Other overlooked time-sensitive issues include:
If the defendant decides to appeal the ruling, the legal process will take even longer, especially since this is a common setting for stalling tactics. In fact, there have been cases of plaintiffs actually suing the court for taking too long to reach a ruling. Appeals are especially common if the defendant is a group or company with more resources than the average individual, especially since appealing can sometimes be cheaper than a fair settlement.
Plaintiffs of longer lawsuits are more likely to accumulate a dangerous amount of debt. When the plaintiff can’t possibly know the duration of the lawsuit, he or she can run into problems with repaying other forms of funding such as traditional loans or fast-but-expensive fixes like credit cards. If a settlement isn’t in sight, the plaintiff typically struggles with repaying these lenders in addition to the ongoing expenses that they needed funding for in the first place. This can create a cycle of debt that, when the case finally concludes, takes away a large chunk of the settlement. Why go through years of an exhausting case just to hand the settlement over to creditors?

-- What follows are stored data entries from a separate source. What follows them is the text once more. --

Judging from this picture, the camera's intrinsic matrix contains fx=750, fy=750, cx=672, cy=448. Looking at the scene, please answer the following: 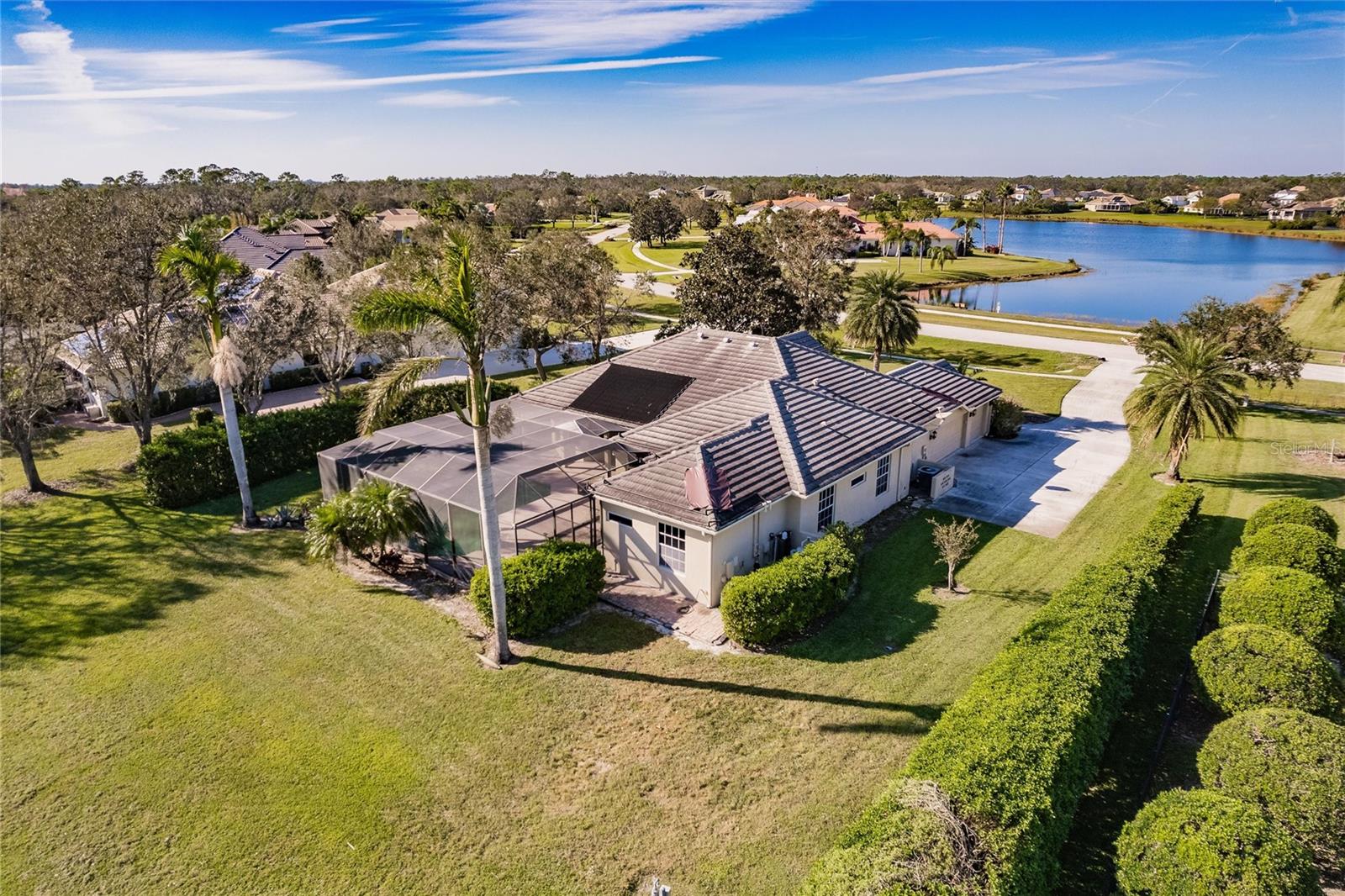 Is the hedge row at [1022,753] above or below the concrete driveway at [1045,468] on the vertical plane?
above

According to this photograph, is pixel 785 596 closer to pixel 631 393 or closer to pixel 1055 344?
pixel 631 393

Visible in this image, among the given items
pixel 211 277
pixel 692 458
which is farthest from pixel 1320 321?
pixel 211 277

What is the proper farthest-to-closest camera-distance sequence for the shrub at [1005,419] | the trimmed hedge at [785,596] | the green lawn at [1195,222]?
1. the green lawn at [1195,222]
2. the shrub at [1005,419]
3. the trimmed hedge at [785,596]

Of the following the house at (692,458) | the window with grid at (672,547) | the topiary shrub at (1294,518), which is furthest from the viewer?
the house at (692,458)

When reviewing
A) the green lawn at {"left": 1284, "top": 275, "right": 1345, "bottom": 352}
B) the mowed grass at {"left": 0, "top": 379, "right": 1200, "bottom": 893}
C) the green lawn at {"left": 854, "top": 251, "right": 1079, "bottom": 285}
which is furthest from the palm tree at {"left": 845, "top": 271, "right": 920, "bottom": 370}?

Plaintiffs pursuing lawsuits of any duration often find that lawsuit loans are their best lawsuit funding option. One of the reasons why lawsuit loans are unique and convenient for plaintiffs is that repayment is expected once a settlement is reached. If the plaintiff is struggling because of how long the case is taking, then the plaintiff can utilize this fast and easy funding to help manage their finances until the lawsuit concludes. This can give them the financial freedom while awaiting their settlement. Financial stability prevents any stall tactics from pressuring the plaintiff into a smaller settlement, and the plaintiff’s home life will benefit as well when he or she isn’t constantly worrying about financing life’s necessities.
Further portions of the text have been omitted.